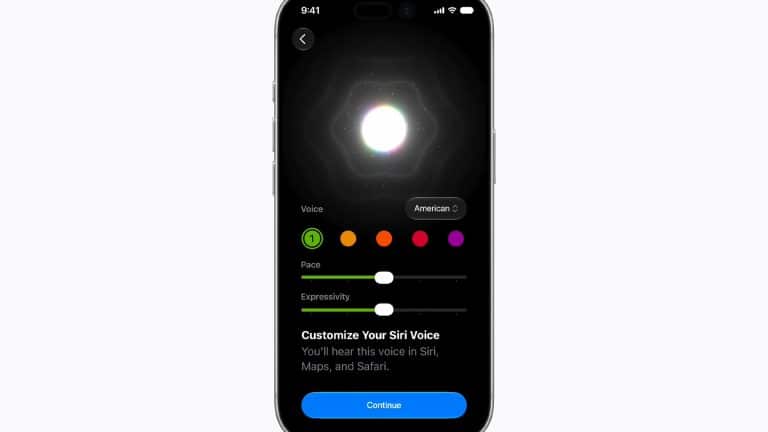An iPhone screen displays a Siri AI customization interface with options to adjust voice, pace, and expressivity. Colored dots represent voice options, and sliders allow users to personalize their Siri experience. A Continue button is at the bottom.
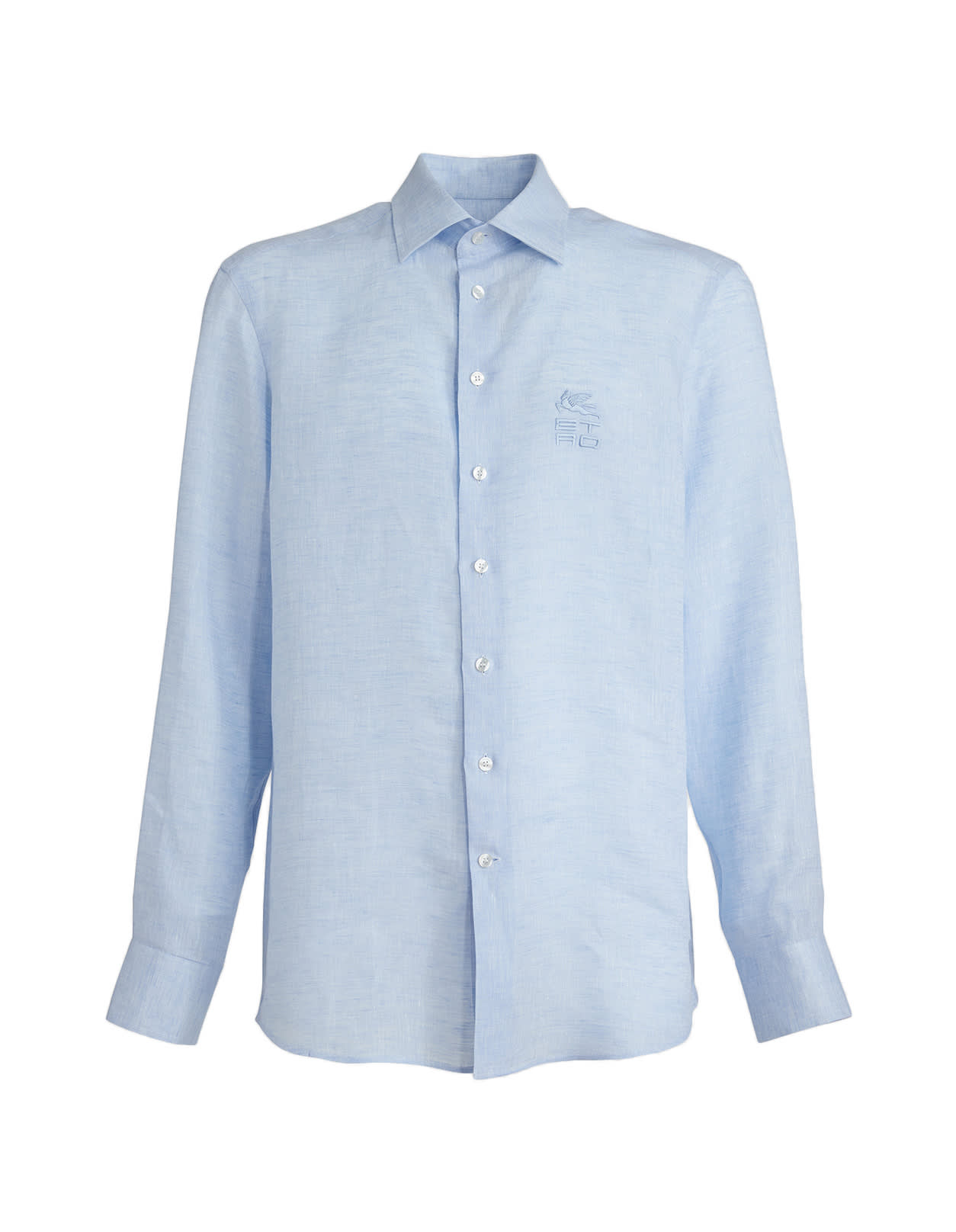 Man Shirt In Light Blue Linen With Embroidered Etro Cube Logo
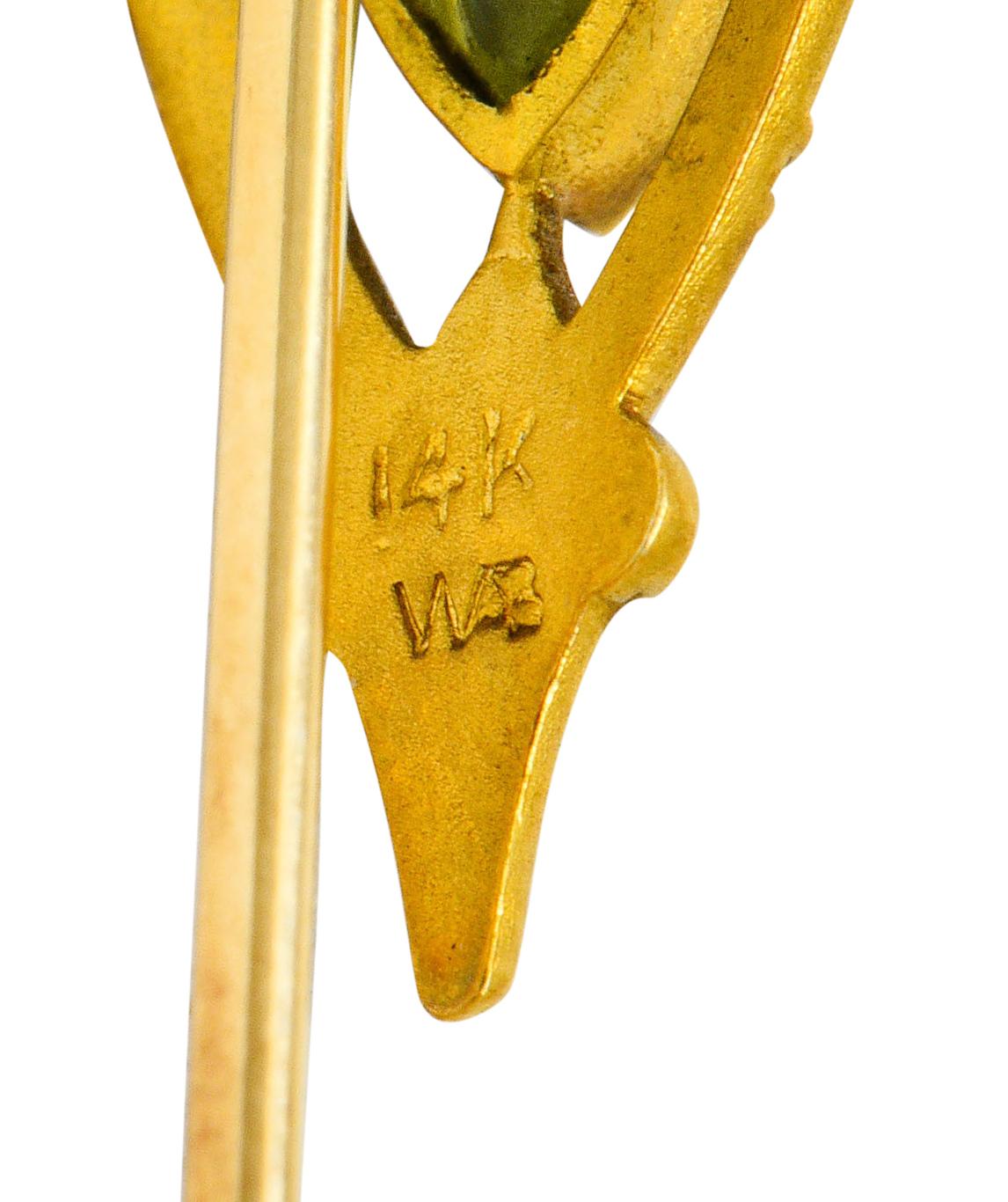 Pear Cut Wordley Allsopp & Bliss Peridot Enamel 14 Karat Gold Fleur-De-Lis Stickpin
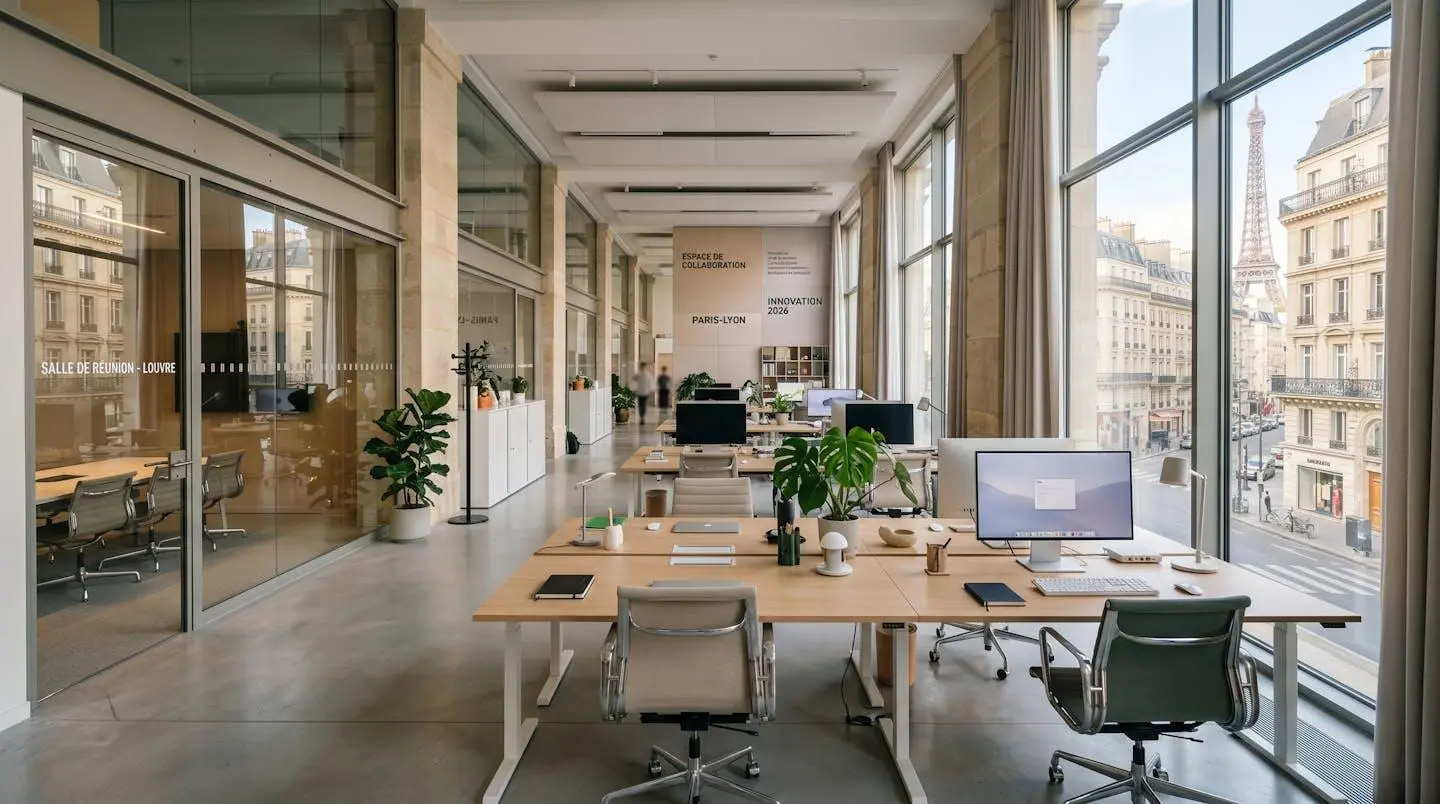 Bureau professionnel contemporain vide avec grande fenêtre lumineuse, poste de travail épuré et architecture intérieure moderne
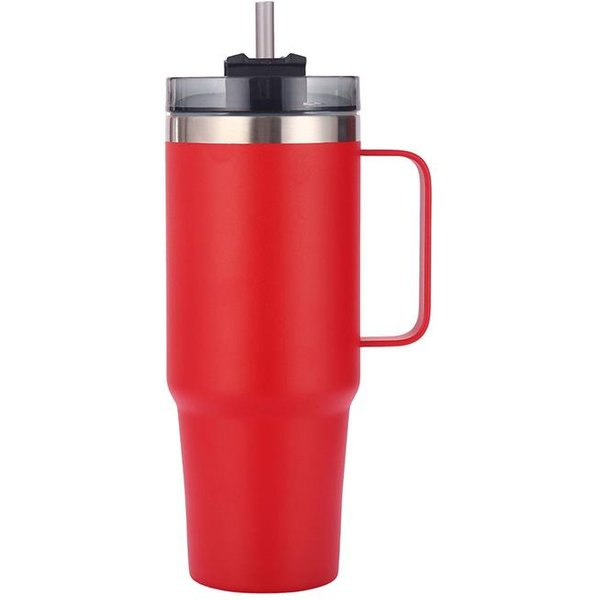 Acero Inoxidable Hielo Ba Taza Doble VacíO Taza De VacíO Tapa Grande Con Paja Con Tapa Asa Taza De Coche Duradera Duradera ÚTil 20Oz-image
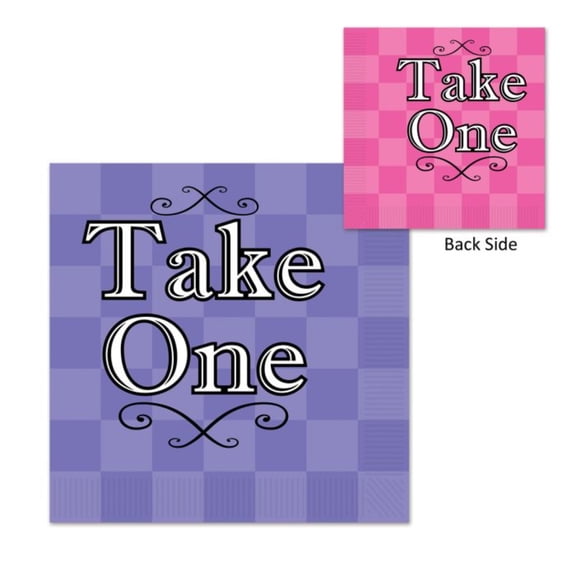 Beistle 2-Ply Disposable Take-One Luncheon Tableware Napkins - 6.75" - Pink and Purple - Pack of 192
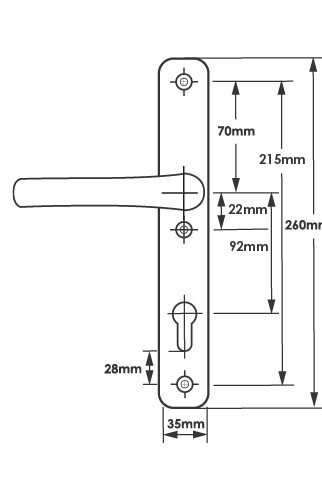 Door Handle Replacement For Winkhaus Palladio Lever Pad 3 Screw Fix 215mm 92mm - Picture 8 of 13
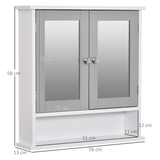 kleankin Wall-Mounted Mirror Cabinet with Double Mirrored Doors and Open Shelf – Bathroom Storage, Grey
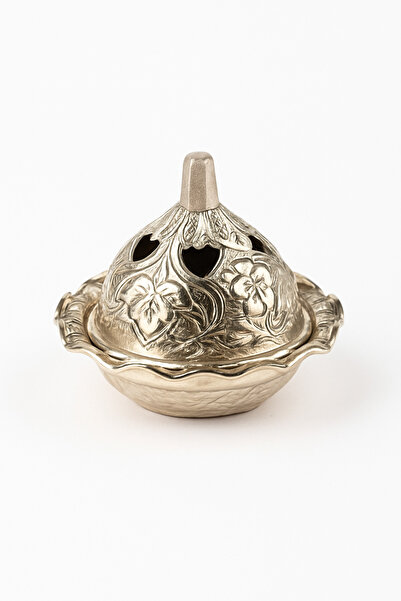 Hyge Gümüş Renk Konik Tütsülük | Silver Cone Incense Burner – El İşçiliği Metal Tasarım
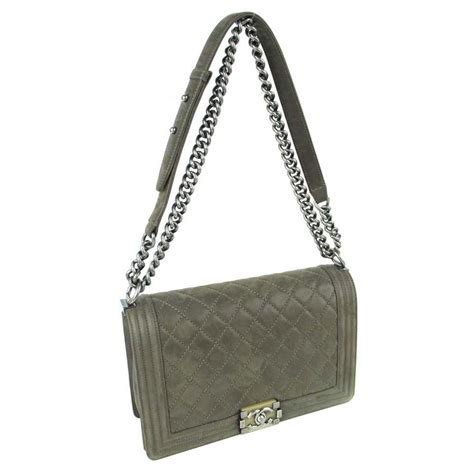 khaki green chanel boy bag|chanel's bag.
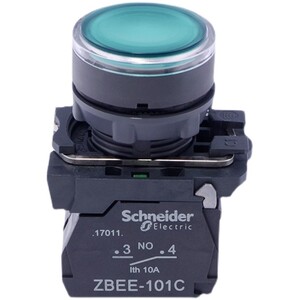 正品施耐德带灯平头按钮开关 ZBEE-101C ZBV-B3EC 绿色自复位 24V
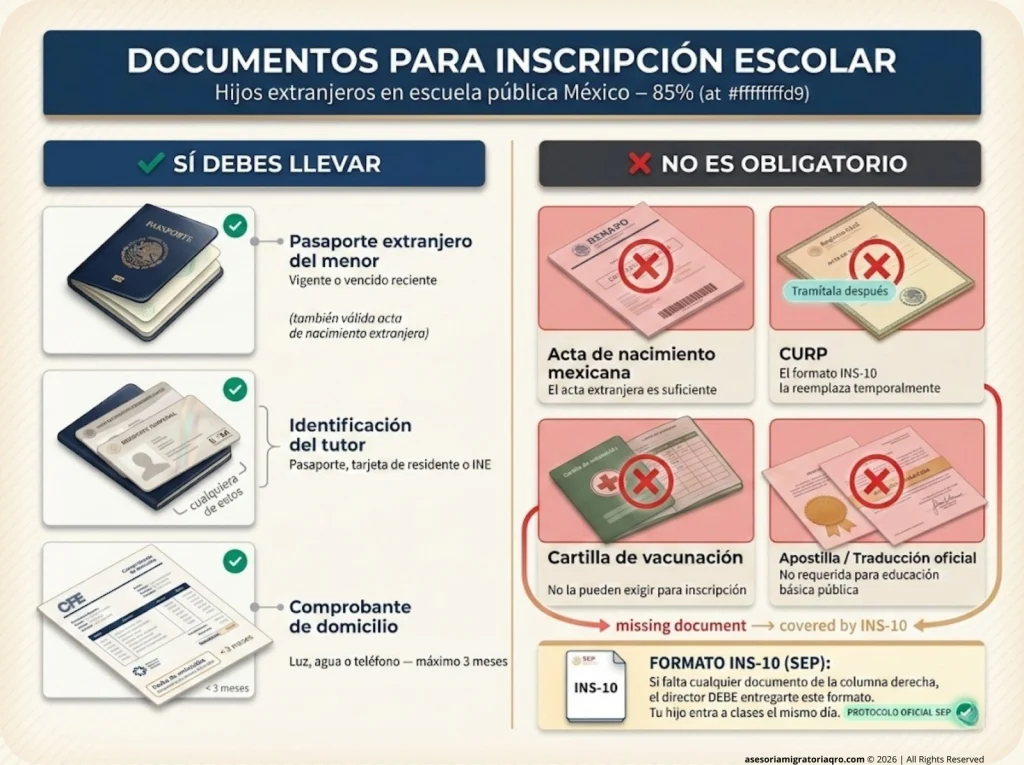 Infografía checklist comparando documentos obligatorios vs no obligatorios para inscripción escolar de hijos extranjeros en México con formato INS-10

§ §

Exercise details => No pictures belong in the output. Restate word for word only the lines from the one containing "kleankin Wall-Mounted Mirror" to the end of the entries above.

Solution for this problem =>
 kleankin Wall-Mounted Mirror Cabinet with Double Mirrored Doors and Open Shelf – Bathroom Storage, Grey
 Hyge Gümüş Renk Konik Tütsülük | Silver Cone Incense Burner – El İşçiliği Metal Tasarım
 khaki green chanel boy bag|chanel's bag.
 正品施耐德带灯平头按钮开关 ZBEE-101C ZBV-B3EC 绿色自复位 24V
 Infografía checklist comparando documentos obligatorios vs no obligatorios para inscripción escolar de hijos extranjeros en México con formato INS-10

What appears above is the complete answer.